How to complete this task: Treat the line containing "19th Century French" as the last one, and return every line exactly from the first line of the material below up to it.

Provided records:
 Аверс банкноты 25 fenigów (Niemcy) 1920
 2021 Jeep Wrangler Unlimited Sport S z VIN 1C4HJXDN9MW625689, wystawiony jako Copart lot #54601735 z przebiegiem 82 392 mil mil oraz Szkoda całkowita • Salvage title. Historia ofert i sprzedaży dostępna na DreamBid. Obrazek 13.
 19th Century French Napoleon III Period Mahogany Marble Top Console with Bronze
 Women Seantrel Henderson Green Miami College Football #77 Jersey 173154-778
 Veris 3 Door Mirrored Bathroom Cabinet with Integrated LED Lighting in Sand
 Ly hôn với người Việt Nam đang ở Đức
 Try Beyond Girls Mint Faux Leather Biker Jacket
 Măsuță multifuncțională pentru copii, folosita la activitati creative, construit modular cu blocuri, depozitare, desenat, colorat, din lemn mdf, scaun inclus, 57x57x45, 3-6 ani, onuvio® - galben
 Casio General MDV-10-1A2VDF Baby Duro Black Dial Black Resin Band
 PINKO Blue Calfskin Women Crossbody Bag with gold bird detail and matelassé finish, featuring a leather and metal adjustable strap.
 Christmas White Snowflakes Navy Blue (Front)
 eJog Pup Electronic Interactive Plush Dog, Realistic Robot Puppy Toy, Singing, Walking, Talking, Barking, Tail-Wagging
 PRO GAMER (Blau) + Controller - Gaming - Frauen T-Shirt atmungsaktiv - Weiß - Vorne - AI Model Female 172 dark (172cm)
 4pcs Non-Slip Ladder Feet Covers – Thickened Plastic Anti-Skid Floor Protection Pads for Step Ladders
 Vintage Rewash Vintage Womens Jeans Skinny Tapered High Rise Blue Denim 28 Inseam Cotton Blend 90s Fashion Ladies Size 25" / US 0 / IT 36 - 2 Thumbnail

Solution to this problem:
 Аверс банкноты 25 fenigów (Niemcy) 1920
 2021 Jeep Wrangler Unlimited Sport S z VIN 1C4HJXDN9MW625689, wystawiony jako Copart lot #54601735 z przebiegiem 82 392 mil mil oraz Szkoda całkowita • Salvage title. Historia ofert i sprzedaży dostępna na DreamBid. Obrazek 13.
 19th Century French Napoleon III Period Mahogany Marble Top Console with Bronze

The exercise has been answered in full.